Casualties and losses
- Unknown: 25 Japanese soldiers captured around 50 aircraft captured

= Battle of Maguwo =

Part of the Indonesian National Revolution (1945)

The Battle of Maguwo (Pertempuran Maguwo) was a battle between the newly founded Indonesian People's Security Agency against the Imperial Japanese military, which occurred on 2 October 1945 in Yogyakarta.

== Background ==
Following the Surrender of Japan on 15 August, Indonesia proclaimed independence on 17 August 1945. At the time of the proclamation, most of Indonesia was still under Japanese occupation. Soon after, the Preparatory Committee for Indonesian Independence established the People's Security Agency or BKR on 22 August 1945. The BKR in Yogyakarta was formed from former Heiho members. Yogyakarta was one of the places where Japanese air power was concentrated. Maguwo Air Base was under control of the Japanese Kaigun Kokusho headquartered in Surabaya.

== Battle ==
On 2 October 1945, at 5 A.M., Indonesian troops were given orders to hold their positions as preparation for the attack. BKR Udara Maguwo launched the attack against the Japanese garrison at Maguwo Air Base, led by Surojo, a former luchtschutter in the Militaire Luchtvaart. Surojo begun the attack by throwing grenade at the Air Base tower, signaling BKR Pusat and Yogyakarta Timur to start the attack which was carried out at day, and sudden during breaktime, leaving little time for the garrison to mount a defensive position leading to the defeat, and surrender of the remaining Japanese garrison. In the midst of the battle, 3 aircraft were able to escape, but one of the pilots was shot dead when he was about to enter the cockpit of his aircraft.

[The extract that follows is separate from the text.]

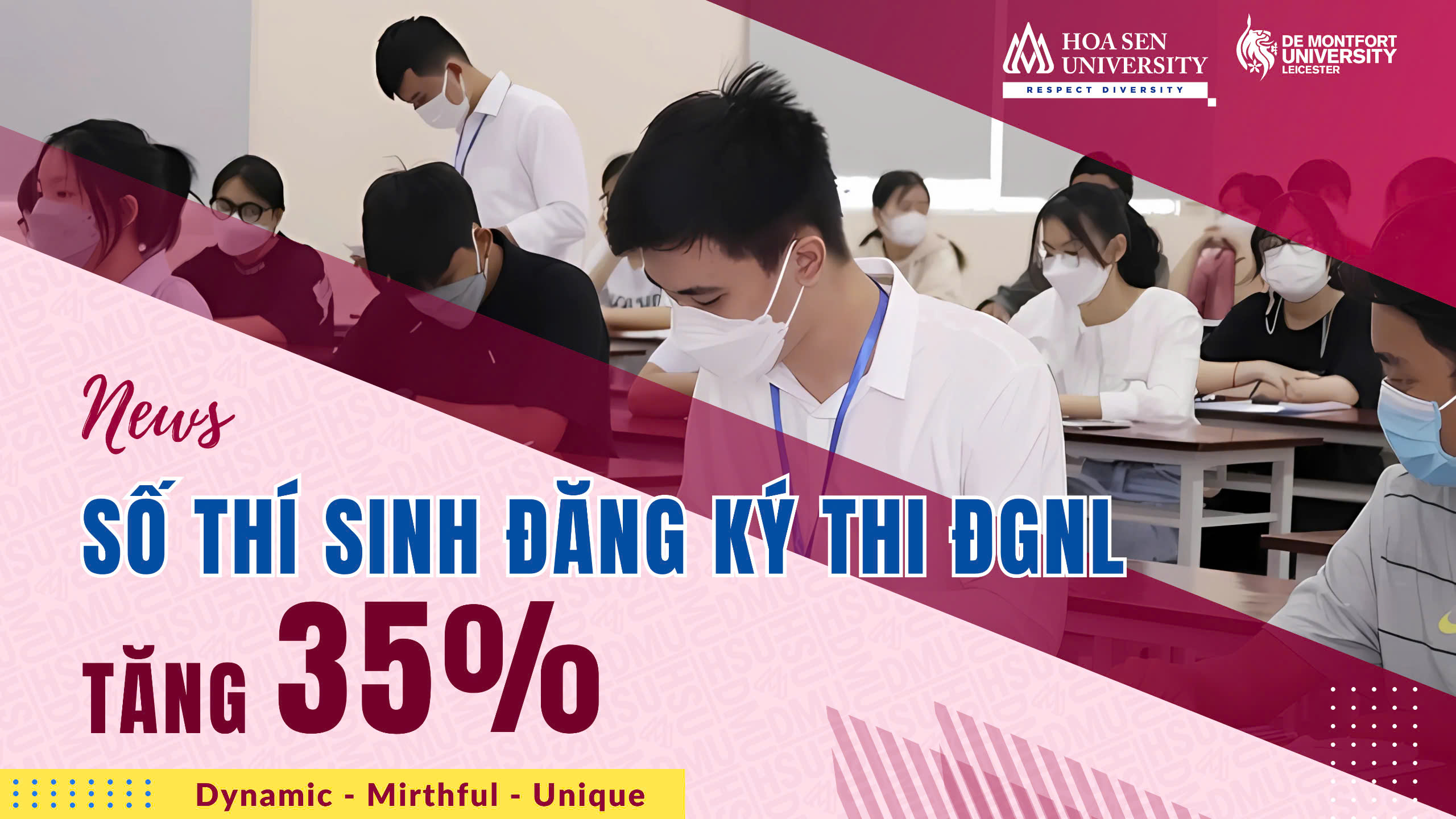 Số thí sinh đăng kí thi ĐGNL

Indonesian forces also attacked a Japanese Transportation Post (Perhubungan PHB) located in Sambilegi Village, north of Maguwo Air Base. During the battle of Maguwo Air Base, BKR Udara Maguwo was also tasked to attack areas east of the Tambakbayan river, while the western side was attacked by BKR Pusat. The Japanese garrison retreated to south of Padasan village and hid in shelters that they had prepared beforehand, but they would later be captured by Indonesian forces.

== Aftermath ==
After the Japanese defeat, the Indonesian forces managed to capture 17 rifles, 6 Stens, and 2 pistols. The Indonesian forces also captured around 50 aircraft in the Air Base, and took over the Air Base's facilities. During the Battle of Kotabaru on 7 October 1945, BKR Udara Maguwo was tasked to isolate Japanese forces in Wonocatur and Maguwo to prevent the Japanese from reinforcing their headquarters in Kotabaru.